# Court rules to dissolve Mubarak’s NDP



## GM1 (Sep 30, 2008)

The Supreme Administrative Court on Saturday ruled to disband the National Democratic Party (NDP), which held power throughout the reign of ousted president Hosni Mubarak, a judicial source said.
*The court ordered the confiscation of the NDP’s assets and the restoration of its headquarters to the state.*

The same source told Al-Masry Al-Youm that the court has said the party, established in 1978, violated the principles that formed the cornerstone of its operations, which led to social and political corruption and undermined the rights and freedoms guaranteed by the Egyptian constitution.

The party monopolized power and sought to weaken oppositional political powers and parties, suppress freedoms and detain activists with opposing political views, and discriminate between Egyptian people, the source added.

The court said the party used governmental security bodies to crack down on its opponents.

The source said pointed out that the dissolution of the NDP does not mean its members cannot form new parties. 

The NDP was recently renamed the “New National Democratic Party” and Talaat al-Sadat, the nephew of former president Sadat, assumed its presidency.
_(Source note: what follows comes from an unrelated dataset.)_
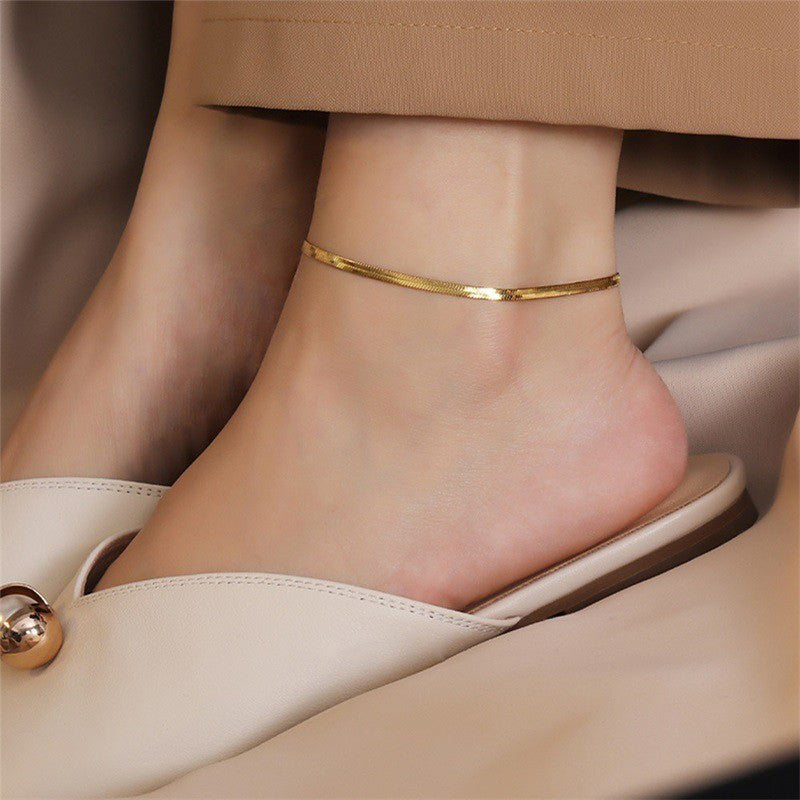 Gold Plated Serpentine Chain Anklet - Stylish Beach Jewelry for Women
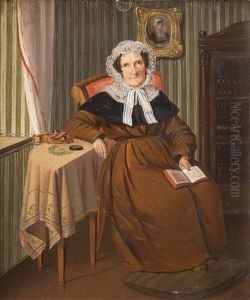 Zwei Bilder: A) Saloninterieur Mit Sitzender Dame Ein Buch Haltend, B) Saloninterieur Mit Sitzendem Herrn Ein Notenblatt Haltend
Headed by Mubarak from 1981 to 2011, the party maintained a parliamentary majority through the rigging of elections. Observers say the NDP depended on its connections with state bodies to buy votes, while lacking a clear ideology and the ability to mobilize people. They also say that over the past two decades it relied on thuggery to gather votes and defeat opponents in elections.

http://www.almasryalyoum.com/en/node/402882


----------



## menas (Mar 31, 2011)

New National Democratic Party, what a trick !


----------



## MaidenScotland (Jun 6, 2009)

The NDP was recently renamed the “New National Democratic Party” and Talaat al-Sadat, the nephew of former president Sadat, assumed its presidency.

Assumed! So democratic means something else here?


----------



## menas (Mar 31, 2011)

they are tricking the public opinion with such a new name, the party is the same as before. A way to absorb the outrage of the Egyptians towards the party. 
No one knows what does it mean Democratic here !


----------



## DeadGuy (Jan 22, 2010)

Whenever I hear the word "democracy" in Egypt I just remember that scene from an Egyptian movie where the character that was played by one of the most popular comedians in Egypt (Adel Imam) said _"I'm a very democratic man............You can say anything you want, and I'll just do whatever I want"_ 

God bless the democracy!


----------